# Input data
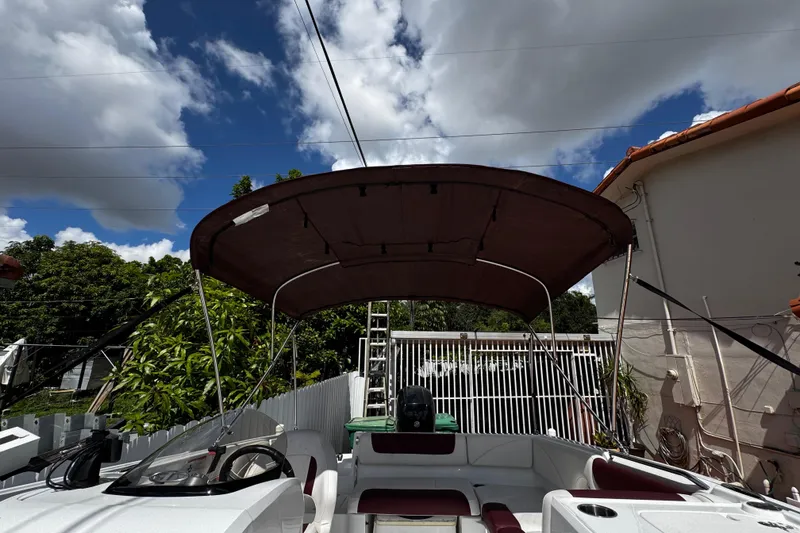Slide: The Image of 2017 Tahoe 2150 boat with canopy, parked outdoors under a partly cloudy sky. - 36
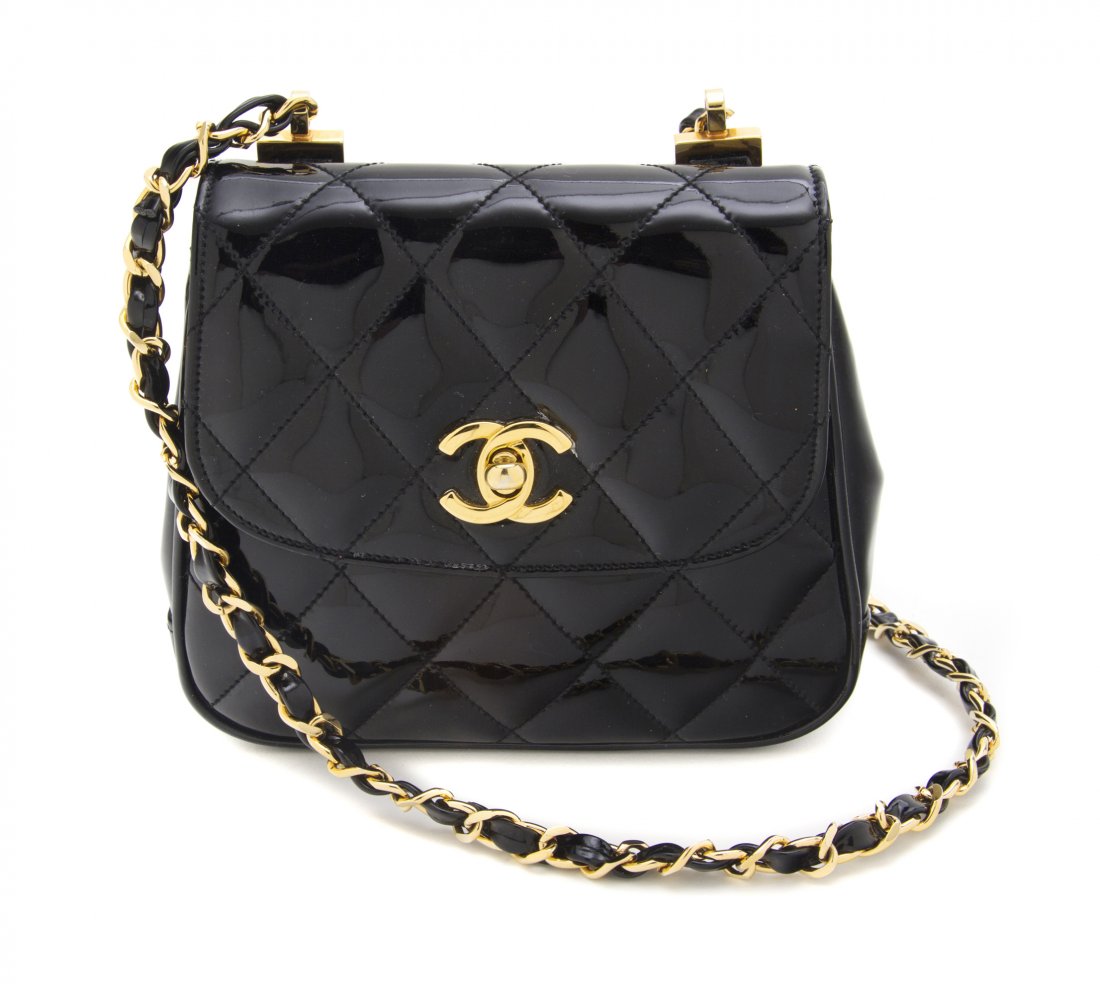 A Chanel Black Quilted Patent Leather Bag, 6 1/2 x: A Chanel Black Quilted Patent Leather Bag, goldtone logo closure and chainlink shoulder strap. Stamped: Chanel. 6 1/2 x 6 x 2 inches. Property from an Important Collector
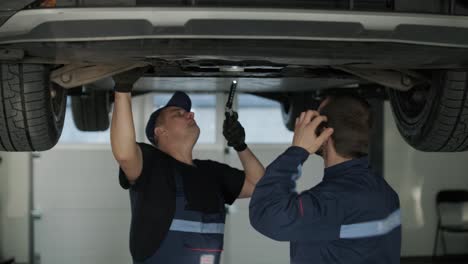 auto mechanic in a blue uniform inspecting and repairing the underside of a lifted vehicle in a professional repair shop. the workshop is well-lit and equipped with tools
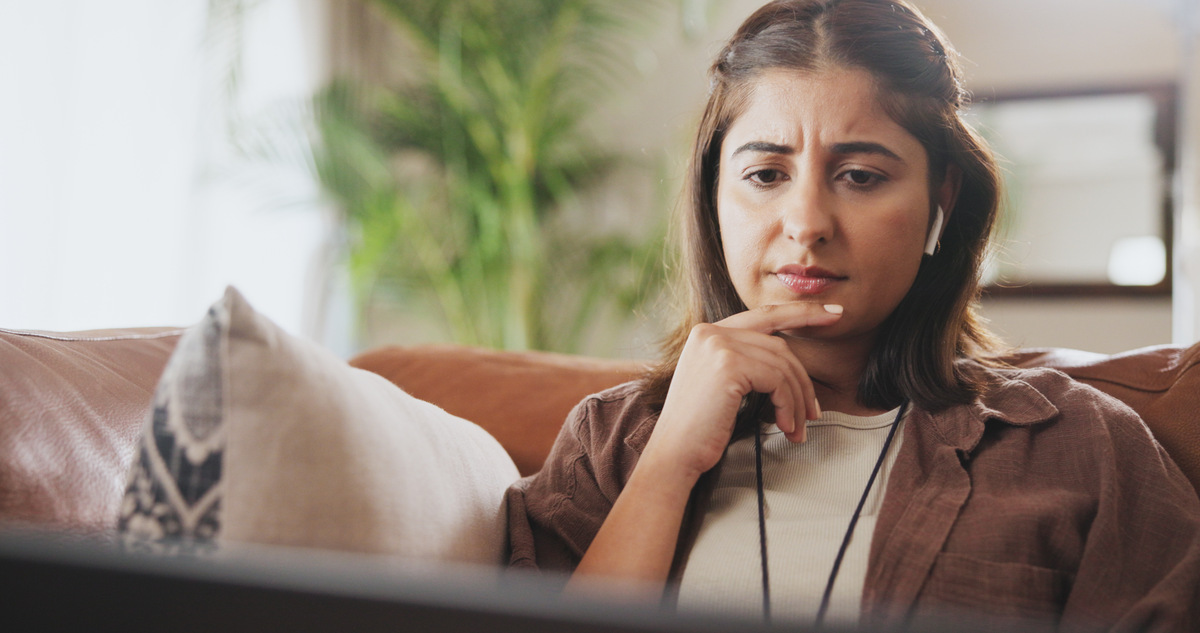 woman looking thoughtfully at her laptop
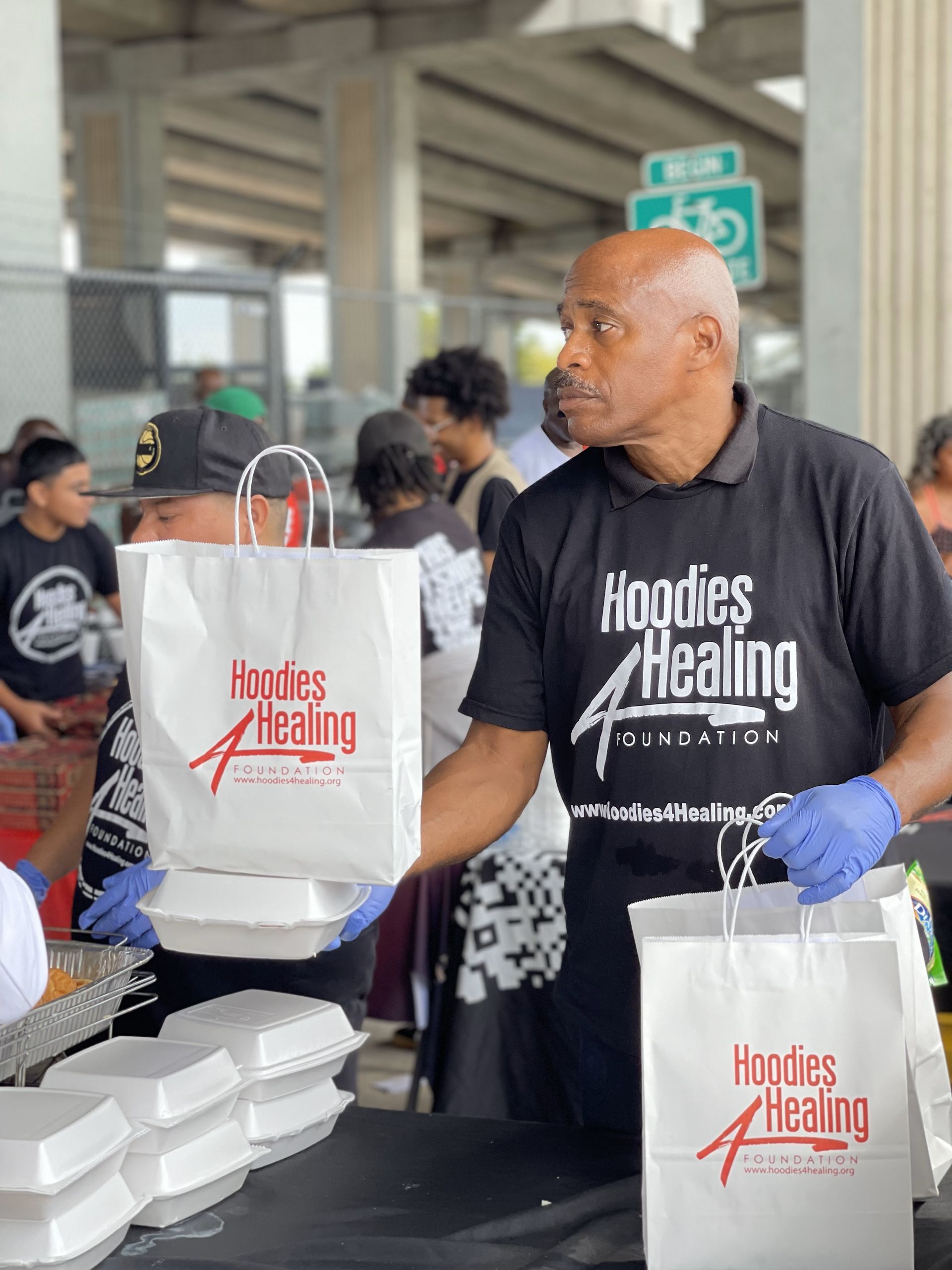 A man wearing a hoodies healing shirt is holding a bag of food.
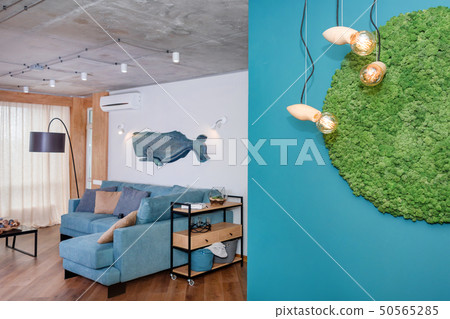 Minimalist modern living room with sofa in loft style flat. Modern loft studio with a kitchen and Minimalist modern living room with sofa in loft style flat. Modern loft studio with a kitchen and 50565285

...

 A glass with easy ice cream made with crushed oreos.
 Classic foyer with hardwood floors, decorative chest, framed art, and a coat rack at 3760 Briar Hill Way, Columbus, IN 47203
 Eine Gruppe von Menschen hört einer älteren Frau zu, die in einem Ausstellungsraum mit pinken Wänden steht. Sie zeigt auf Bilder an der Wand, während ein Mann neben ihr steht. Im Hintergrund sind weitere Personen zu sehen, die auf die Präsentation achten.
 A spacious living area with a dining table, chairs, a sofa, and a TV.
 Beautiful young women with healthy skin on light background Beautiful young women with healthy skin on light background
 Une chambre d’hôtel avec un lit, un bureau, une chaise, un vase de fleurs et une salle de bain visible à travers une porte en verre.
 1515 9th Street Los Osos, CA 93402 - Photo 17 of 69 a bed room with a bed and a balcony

# What is required
Copy exactly the material above from the line with "A man wearing" to the line with "kitchen and 50565285", ends included, and nothing else. Leave out any picture.

# Response area
 A man wearing a hoodies healing shirt is holding a bag of food.
 Minimalist modern living room with sofa in loft style flat. Modern loft studio with a kitchen and Minimalist modern living room with sofa in loft style flat. Modern loft studio with a kitchen and 50565285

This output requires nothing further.